EXERCISE DIRECTIONS
Return the listing exactly, please; no pictures.

DATA FOR REVIEW
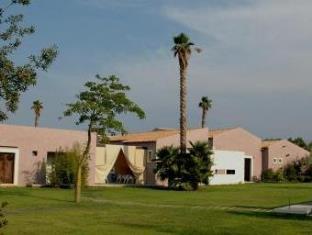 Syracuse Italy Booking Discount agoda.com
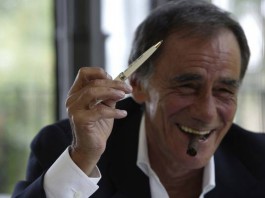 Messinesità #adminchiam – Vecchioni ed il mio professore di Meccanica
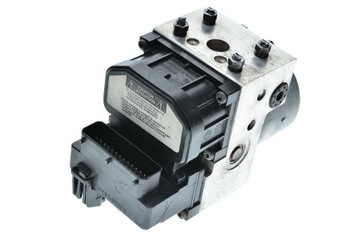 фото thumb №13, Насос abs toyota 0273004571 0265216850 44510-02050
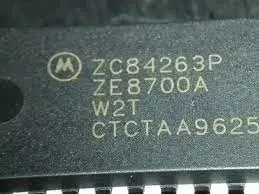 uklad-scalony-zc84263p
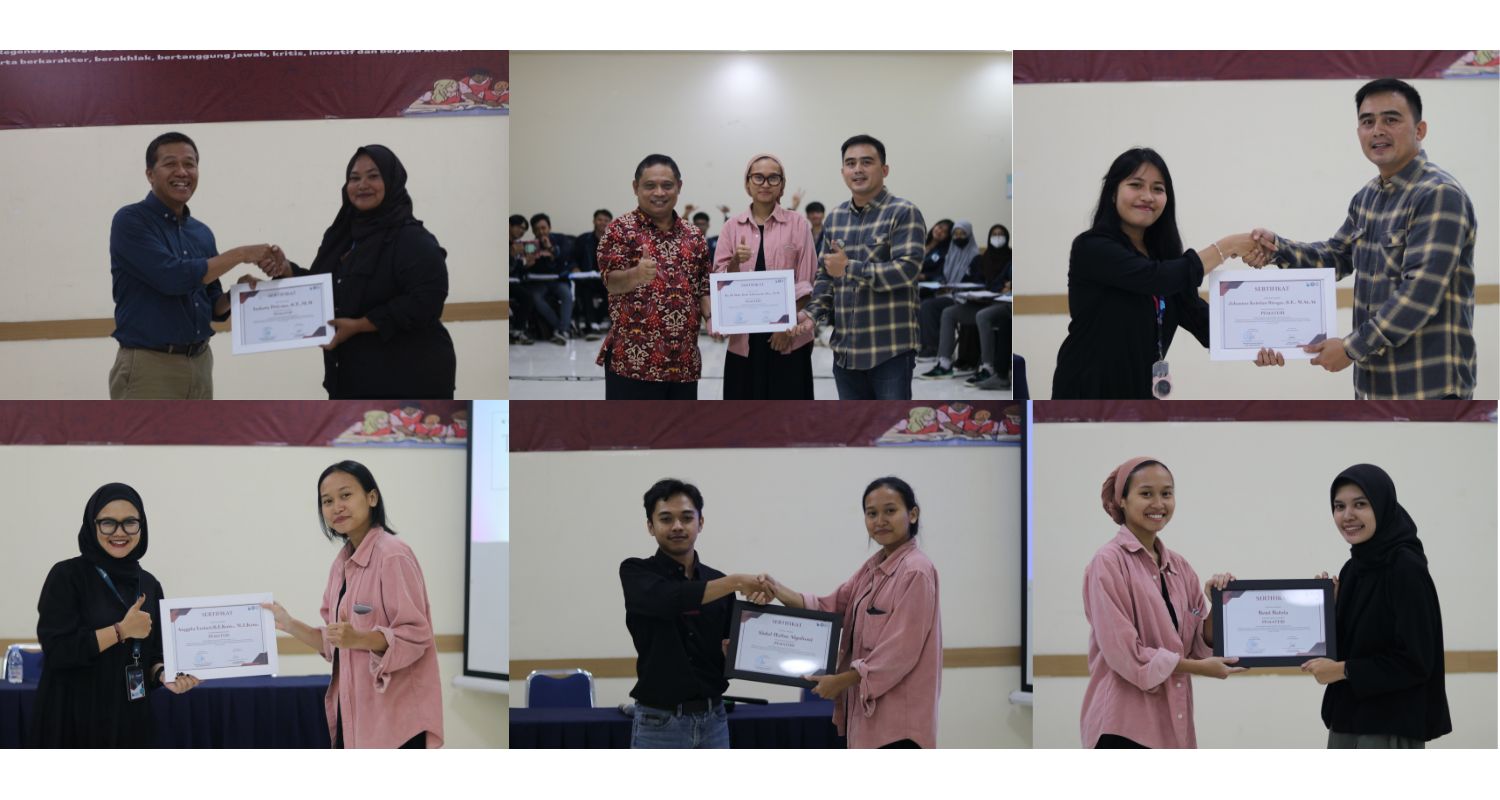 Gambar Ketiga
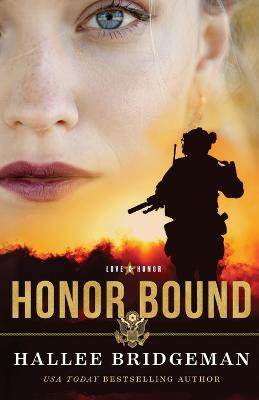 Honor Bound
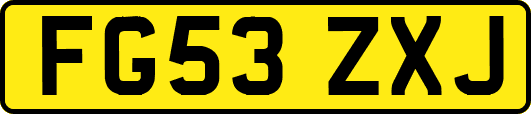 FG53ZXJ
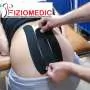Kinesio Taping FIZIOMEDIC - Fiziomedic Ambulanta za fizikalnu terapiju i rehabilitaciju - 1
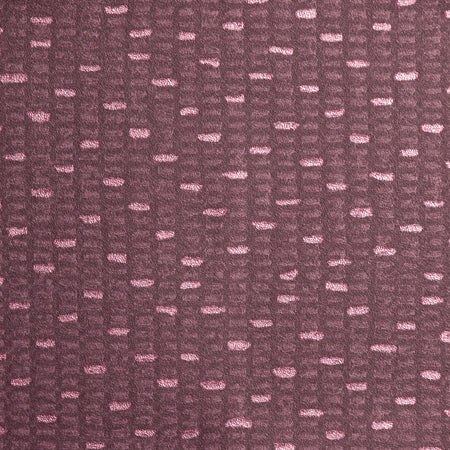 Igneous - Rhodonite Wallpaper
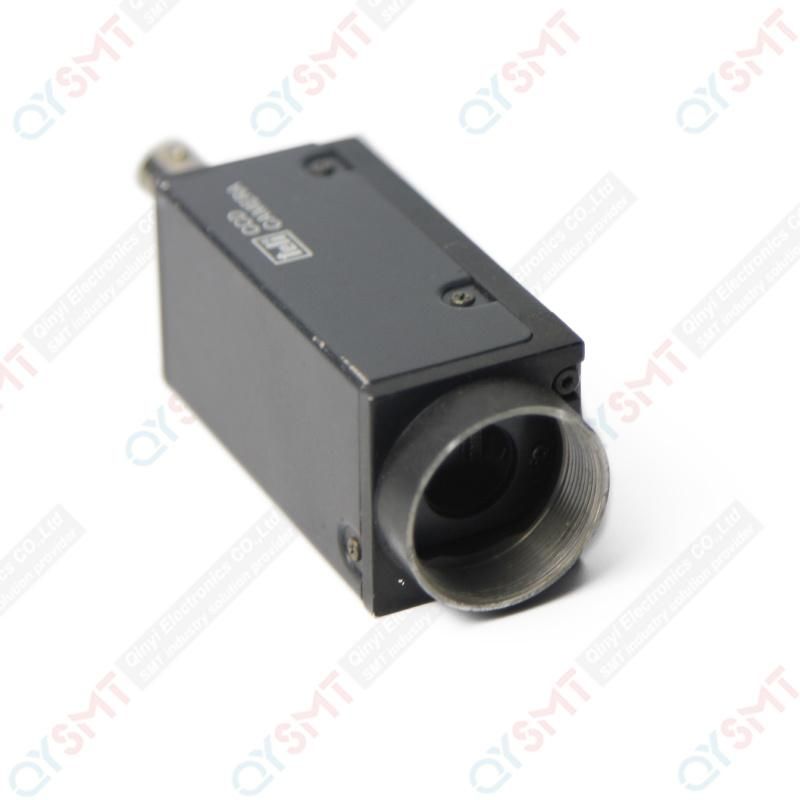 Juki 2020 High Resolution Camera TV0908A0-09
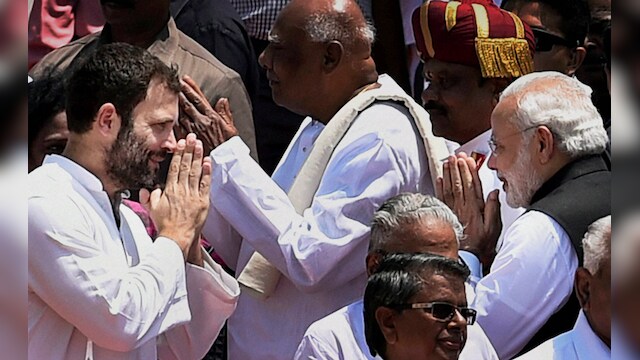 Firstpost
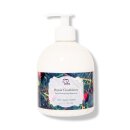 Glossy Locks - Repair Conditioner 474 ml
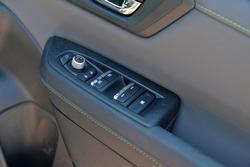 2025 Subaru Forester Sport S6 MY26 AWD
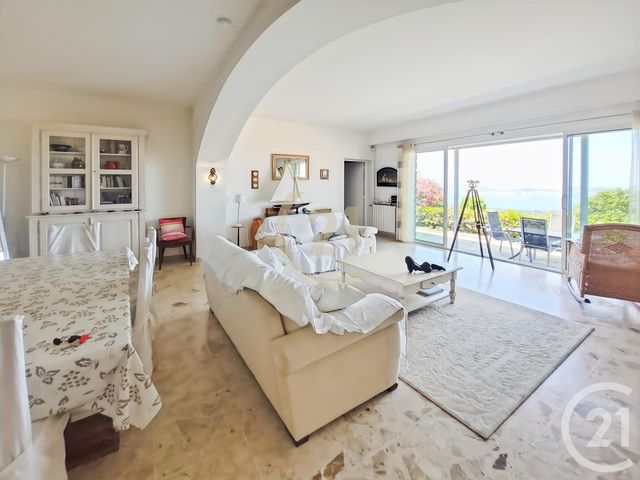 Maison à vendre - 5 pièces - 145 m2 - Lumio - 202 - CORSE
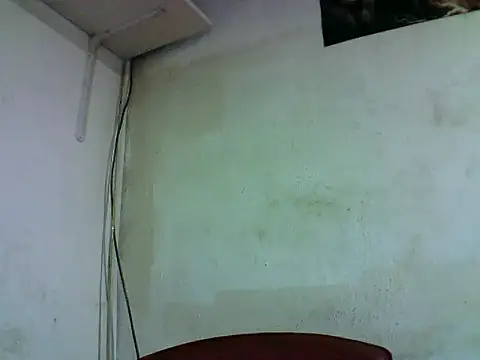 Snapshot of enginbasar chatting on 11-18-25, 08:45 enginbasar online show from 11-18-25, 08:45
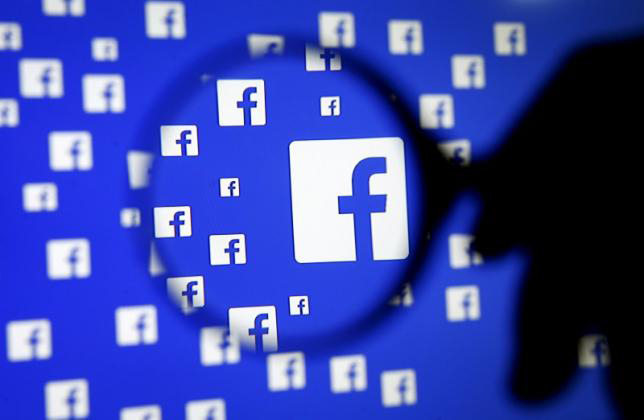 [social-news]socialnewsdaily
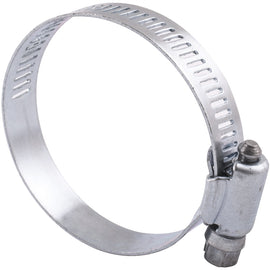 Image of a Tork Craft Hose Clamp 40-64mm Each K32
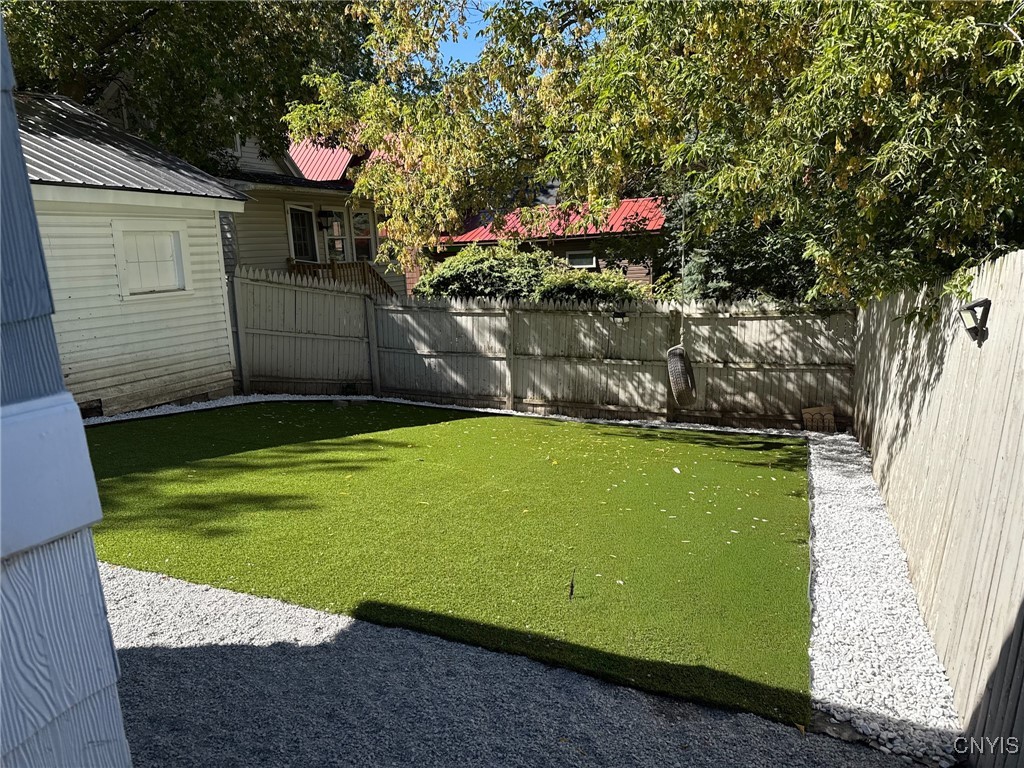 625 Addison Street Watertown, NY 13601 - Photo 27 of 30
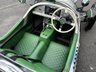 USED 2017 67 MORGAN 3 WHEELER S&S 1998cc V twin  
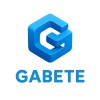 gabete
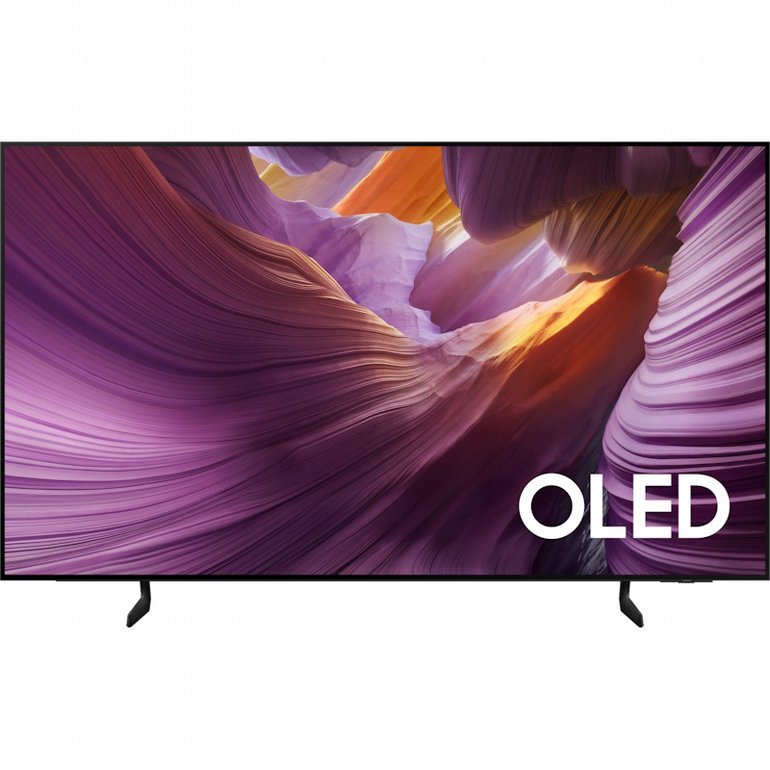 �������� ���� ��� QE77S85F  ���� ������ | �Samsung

SOLUTION TO THE PROBLEM
 Syracuse Italy Booking Discount agoda.com
 Messinesità #adminchiam – Vecchioni ed il mio professore di Meccanica
 фото thumb №13, Насос abs toyota 0273004571 0265216850 44510-02050
 uklad-scalony-zc84263p
 Gambar Ketiga
 Honor Bound
 FG53ZXJ
Kinesio Taping FIZIOMEDIC - Fiziomedic Ambulanta za fizikalnu terapiju i rehabilitaciju - 1
 Igneous - Rhodonite Wallpaper
 Juki 2020 High Resolution Camera TV0908A0-09
 Firstpost
 Glossy Locks - Repair Conditioner 474 ml
 2025 Subaru Forester Sport S6 MY26 AWD
 Maison à vendre - 5 pièces - 145 m2 - Lumio - 202 - CORSE
 Snapshot of enginbasar chatting on 11-18-25, 08:45 enginbasar online show from 11-18-25, 08:45
 [social-news]socialnewsdaily
 Image of a Tork Craft Hose Clamp 40-64mm Each K32
 625 Addison Street Watertown, NY 13601 - Photo 27 of 30
 USED 2017 67 MORGAN 3 WHEELER S&S 1998cc V twin  
 gabete
 �������� ���� ��� QE77S85F  ���� ������ | �Samsung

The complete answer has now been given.